START Task inputs

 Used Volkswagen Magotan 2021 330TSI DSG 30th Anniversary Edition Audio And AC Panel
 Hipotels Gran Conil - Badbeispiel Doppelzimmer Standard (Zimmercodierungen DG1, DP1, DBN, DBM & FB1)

END Task inputs
START Task inputs

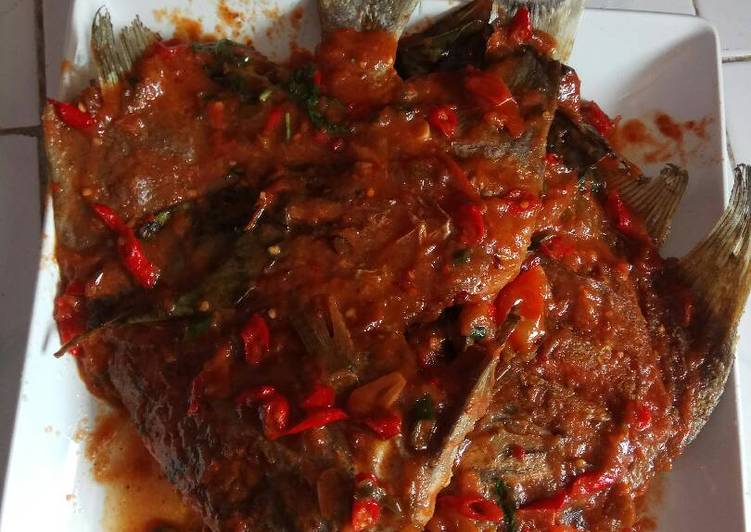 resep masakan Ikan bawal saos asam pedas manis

END Task inputs

The problem -
As the answer, set down only the lines from the data above between the one holding "Used Volkswagen Magotan" and the one holding "Hipotels Gran Conil", inclusive, exactly as they read.

Task solution -
 Used Volkswagen Magotan 2021 330TSI DSG 30th Anniversary Edition Audio And AC Panel
 Hipotels Gran Conil - Badbeispiel Doppelzimmer Standard (Zimmercodierungen DG1, DP1, DBN, DBM & FB1)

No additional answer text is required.